BHP Mine remains closed during death probe
Tuesday, February 7, 2006
BHP Billiton Ltd says its underground Leinster nickel mine in Western Australia, where a contractor was killed in an explosion last week, will stay shut until the outcomes of a government investigation are released.
A BHP spokesman in Perth refused to estimate how long company and government officials will take to investigate the incident. "These investigations can go on for quite some time and the mine will remain closed for that same length of time, said Brian Watt. "But it's difficult to speculate"
Watt declined to comment on how much damage the underground explosion caused to the mine, or how much time would be needed to bring the operation back on line once a decision to resume is made.
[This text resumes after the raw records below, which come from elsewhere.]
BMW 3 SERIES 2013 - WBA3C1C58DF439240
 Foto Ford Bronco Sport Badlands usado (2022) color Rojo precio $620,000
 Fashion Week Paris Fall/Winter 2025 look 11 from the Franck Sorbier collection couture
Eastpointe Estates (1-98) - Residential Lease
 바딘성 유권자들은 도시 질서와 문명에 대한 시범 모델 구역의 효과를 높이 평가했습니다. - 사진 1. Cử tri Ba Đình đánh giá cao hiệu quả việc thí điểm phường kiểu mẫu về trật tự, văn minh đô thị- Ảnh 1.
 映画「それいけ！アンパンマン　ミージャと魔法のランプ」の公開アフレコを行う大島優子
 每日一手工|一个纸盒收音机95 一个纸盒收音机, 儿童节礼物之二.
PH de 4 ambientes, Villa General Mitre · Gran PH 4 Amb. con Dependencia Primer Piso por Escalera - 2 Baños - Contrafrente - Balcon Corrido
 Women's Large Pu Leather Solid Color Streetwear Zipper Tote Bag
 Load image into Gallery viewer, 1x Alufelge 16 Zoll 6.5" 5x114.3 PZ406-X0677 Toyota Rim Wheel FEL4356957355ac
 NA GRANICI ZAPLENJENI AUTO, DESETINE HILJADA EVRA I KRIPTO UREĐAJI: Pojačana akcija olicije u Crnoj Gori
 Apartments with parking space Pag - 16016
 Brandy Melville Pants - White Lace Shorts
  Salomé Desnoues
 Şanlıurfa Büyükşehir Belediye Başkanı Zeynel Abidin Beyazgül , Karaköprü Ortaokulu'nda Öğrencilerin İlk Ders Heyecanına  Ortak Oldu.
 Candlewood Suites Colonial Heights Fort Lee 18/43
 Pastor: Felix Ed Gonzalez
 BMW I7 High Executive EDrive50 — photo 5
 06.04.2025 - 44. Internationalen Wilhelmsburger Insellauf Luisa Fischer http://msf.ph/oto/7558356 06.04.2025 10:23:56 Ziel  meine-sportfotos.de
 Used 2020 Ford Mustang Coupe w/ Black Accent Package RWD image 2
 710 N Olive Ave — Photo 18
BHP Billiton have confirmed the death at the Leinster Nickel Operation, north of Kalgoorlie in Western Australia - 950 km north east of Perth. BHP said the incident occurred late in the afternoon of Friday, February 3.
Mark Quinn, 32, from Broken Hill in far western New South Wales and an employee of MacMahon’s, was fatally injured. He was working approximately 900 meters underground when an explosion occurred. BHP said in a media release that there were no other persons injured as a result of the incident.
The cause of the explosion is not yet known. Operations at Leinster have been stopped and employees at site are being briefed and counseled.
BHP Billiton is the world's third largest nickel producer, with the Leinster mine producing up to 45,000 metric tons of nickel concentrates a year.
Following speculations that Leinster's closure may lead to a nickel shortage, a spokesperson told Reuters that BHP Billiton had sufficient nickel concentrate stockpiled to last until the mine reopens.
The Western Australian government has described the fatality rate in the mining industry as "deplorable and atrocious".
John Bowler, Western Australia's Employment Protection Minister says he will consider implementing changes to improve the safety record of the mining industry. Mr Quinn's death is the third underground fatality and the fourth mining death this financial year.
The new Minister, John Bowler, says he will consider implementing any changes needed to improve safety in the industry.